In this paper, we present two methodologies to obtain the GM of a set of correspondences. The first one is based on a voting and minimisation process, and the second one is based on the Evolutionary method adapted to the correspondence case. Notice that the calculation of a representative prototype of a set of correspondence has been studied before in what we called the “correspondence consensus frameworks” [2125]. Nonetheless, there are some differences between approximating towards the GM and these consensus frameworks; the most important one being the function to be minimised. As commented before, the GM computation aims to minimise the SOD, whereas in the consensus framework, the function could also include the reduction of some other restrictions, such as the cost defined on the correspondences or the structural information of the data structures mapped.

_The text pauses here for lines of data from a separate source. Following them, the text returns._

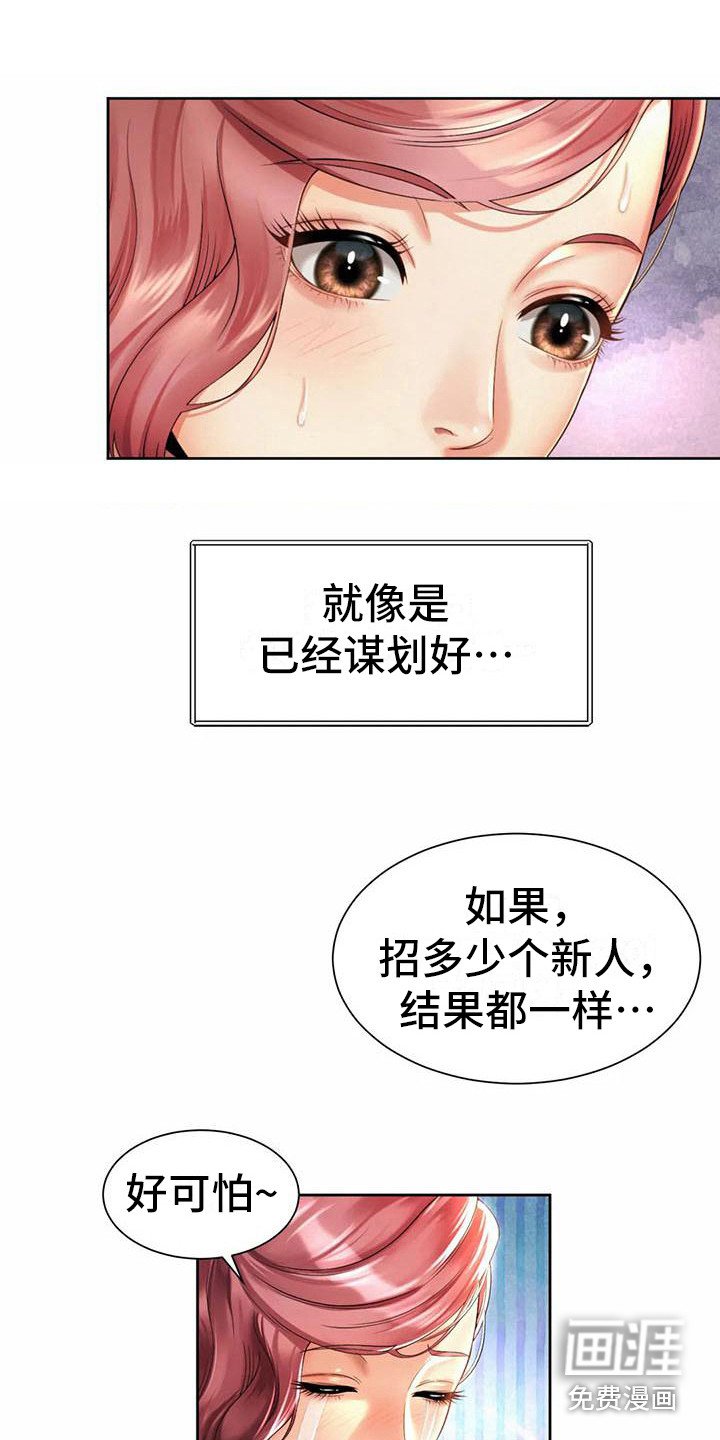 第23章：提议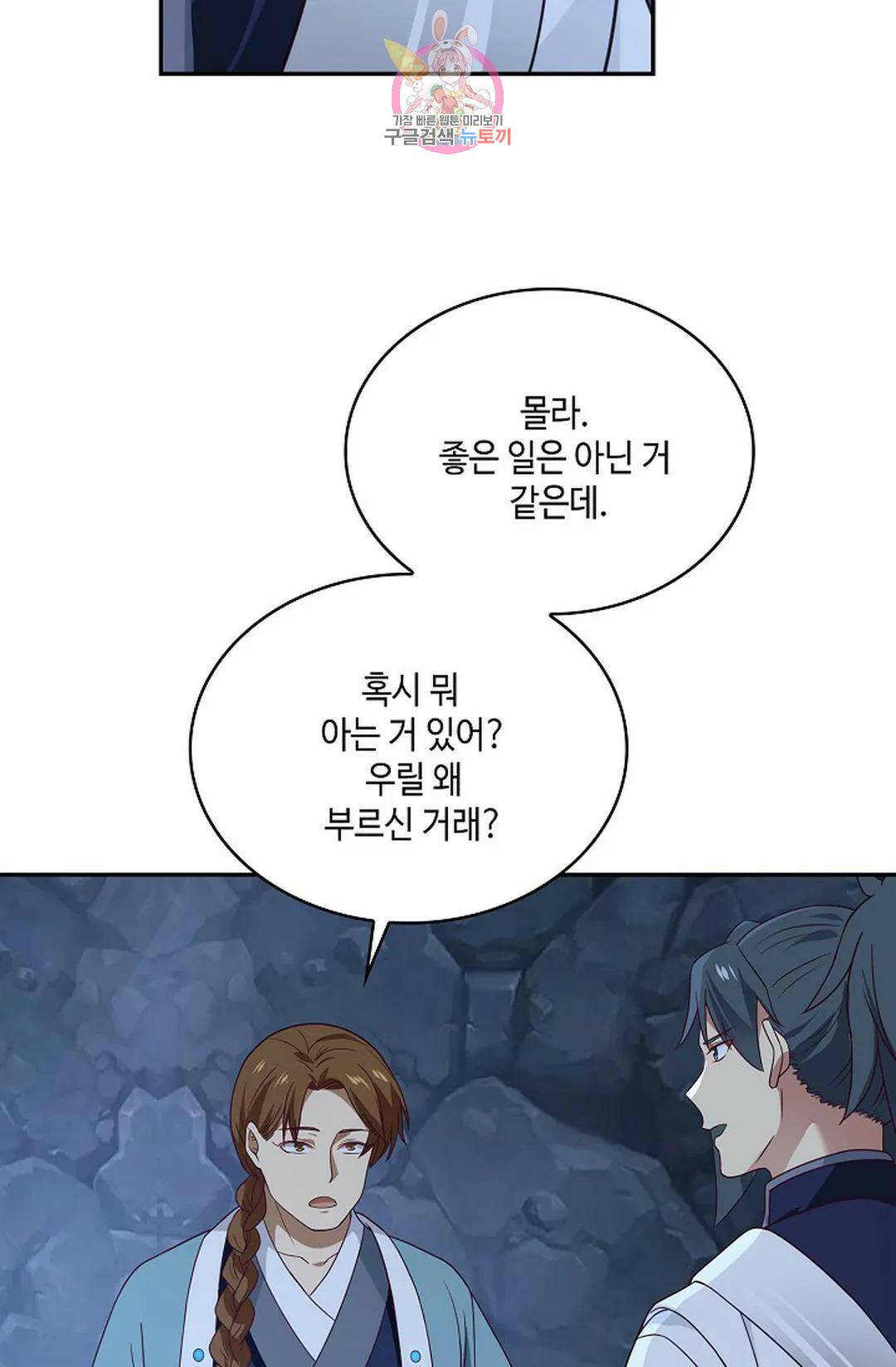 무련전봉 730화 42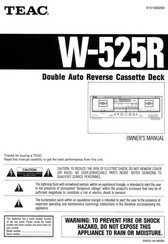 Teac W-525R Owner's Manual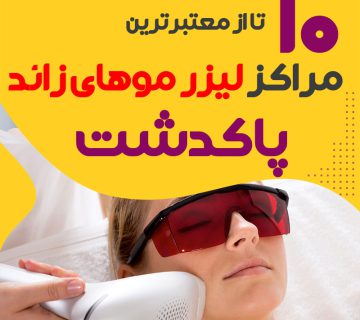 بهترین مرکز لیزر موهای زائد پاکدشت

The rest of the paper is structured as follows. In Sect. 2, we introduce the basic definitions. In Sects. 3 and 4, we present both methods. In Sect. 5, we compare them and evaluate the results in terms of the distance to the ground truth GM and the runtime. Finally, Sect. 6 is reserved for conclusions and further work.

2 Basic Definitions

Let us represent any kind of data structure as \( G = (\varSigma , \gamma ) \), where \( v_{i} \in \varSigma \) is an element inside the structure (elements can be, for instance, characters for strings, or nodes and edges for trees and graphs), and \( \gamma \) is a function that maps each element to a set of attributes. To allow maximum flexibility in the matching process, these structures may have been extended with null elements (represented as \( \Phi \)), which have a set of attributes that differentiate them from the rest of the elements.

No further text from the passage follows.